C'est donc sur des sentiments de repli sur soi et d'égoïsme que se basent principalement les opposants (d'ailleurs il est étonnant que l'UDC approuve la réforme). Mais s'ils gagnent la bataille de l'opinion et celle des urnes, ils risquent de perdre (et de faire perdre Genève avec eux) la bataille de l'histoire.
Rappelons encore que la "concurrence" intercantonale, qui verra certains cantons utiliser des outils fiscaux que d'autres n'emploieront guère, se justifie par les différences de tissus économiques de l'un à l'autre. Genève n'a jamais eu vocation à être un pôle industriel ou de recherche important, au contraire de Zurich ou de Bâle. Dès lors, des outils tels que la patent box ou les intérêts notionnels (qui concernent surtout les entreprises industrielles fortement capitalisées) ne l'intéressent pas.
En revanche, Genève a toujours été un pôle pour les activités de service internationales, par définition moins capitalisées et très mobiles. Et donc soumises à la concurrence d'autres hubs, comme Londres, Singapour ou Dubai. Il importe donc, puisque des outils fiscaux adaptés à ce type de sociétés ne seront plus tolérés, que le taux général soit suffisamment bas pour ne pas prétériter notre attractivité.
Batou peut bien rappeler que la fiscalité n'est que le second critère de choix d'implantation d'une société, c'est quand même le SECOND critère. Il est donc important de le maintenir intéressant, surtout quand d'autres critères (coût de la main d'oeuvre et des infrastructures locales, sécurité juridique, etc.) ont plutôt tendance à se dégrader.
Rappelons encore que le 12 février, nous ne nous prononcerons pas sur le taux d'imposition des sociétés, mais qu'en revanche le paquet qui nous est soumis inclut notamment une hausse de la part cantonale à l'impôt fédéral direct. Pour Genève, dire non reviendrait donc en quelque sorte à se tirer une balle dans le pied.
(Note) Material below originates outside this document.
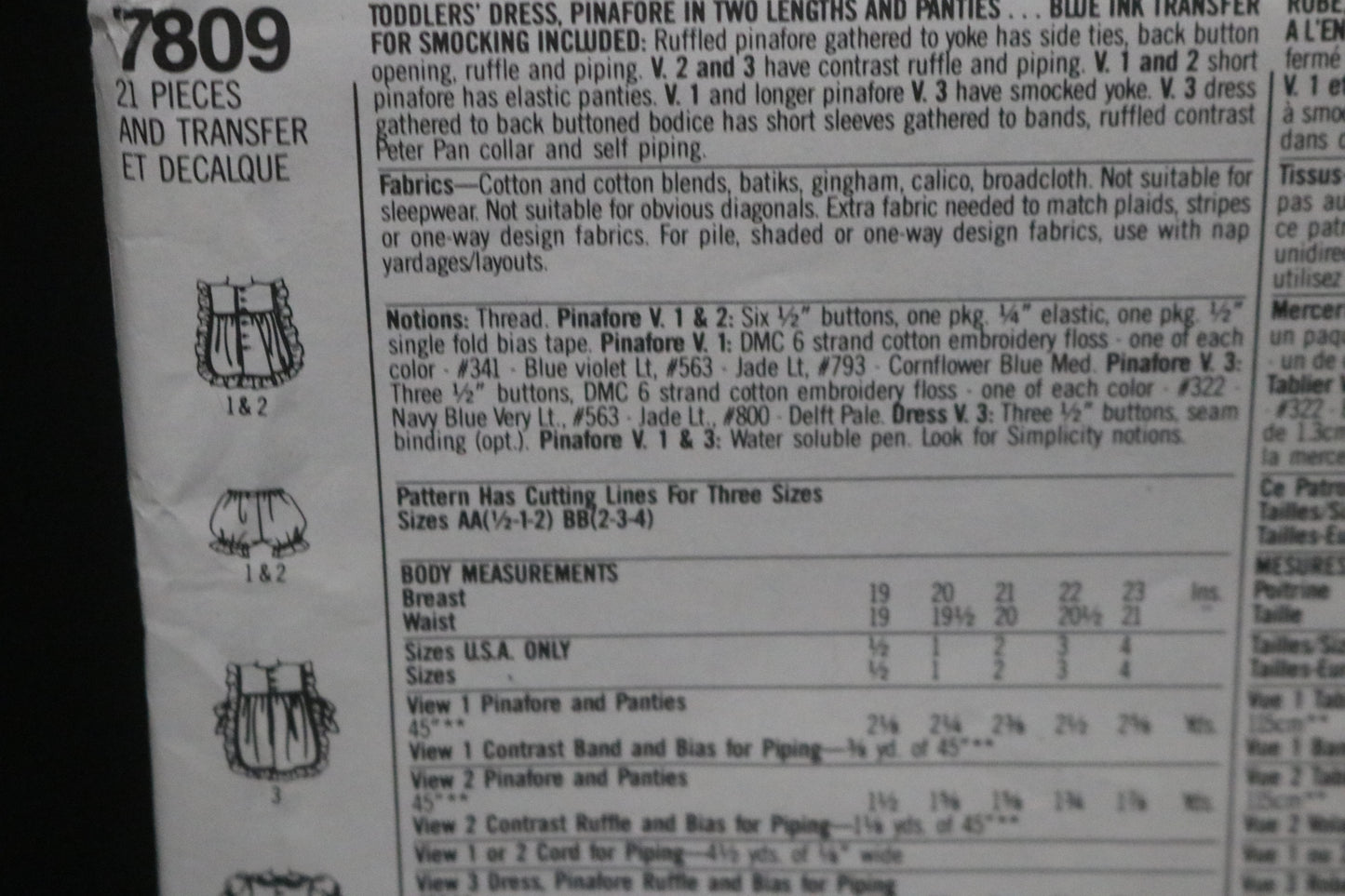 Simplicity 7809 Oliver Goodin Toddlers Dress Pinafore in Two Lengths and Panties Sewing Pattern - UNCUT - Size 2 - 4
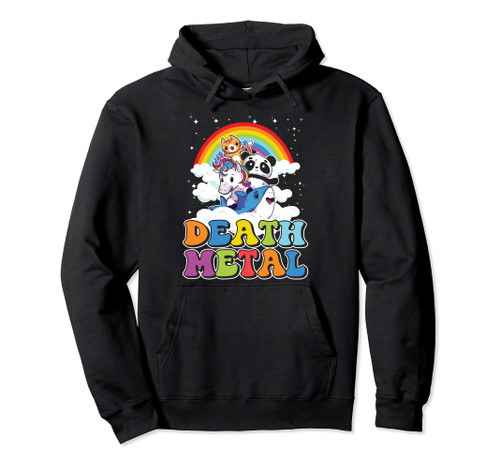 Retro Death Metal Cat Rainbow Unicorn Funny Heavy Metal Pullover Hoodie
Dès lors, et malgré la fragilité économique de Genève, cette réforme semble incontournable si l'on veut éviter à moyen terme pour notre ville, une décroissance, qui, si elle aurait théoriquement l'heur de séduire ceux qui pensent que le développement que nous avons connu ces dernières années était excessif et nuisible à notre qualité de vie, induirait malheureusement un marasme et une stagnation à la Detroit qui seraient sans doute bien pire pour le bien-être de la population.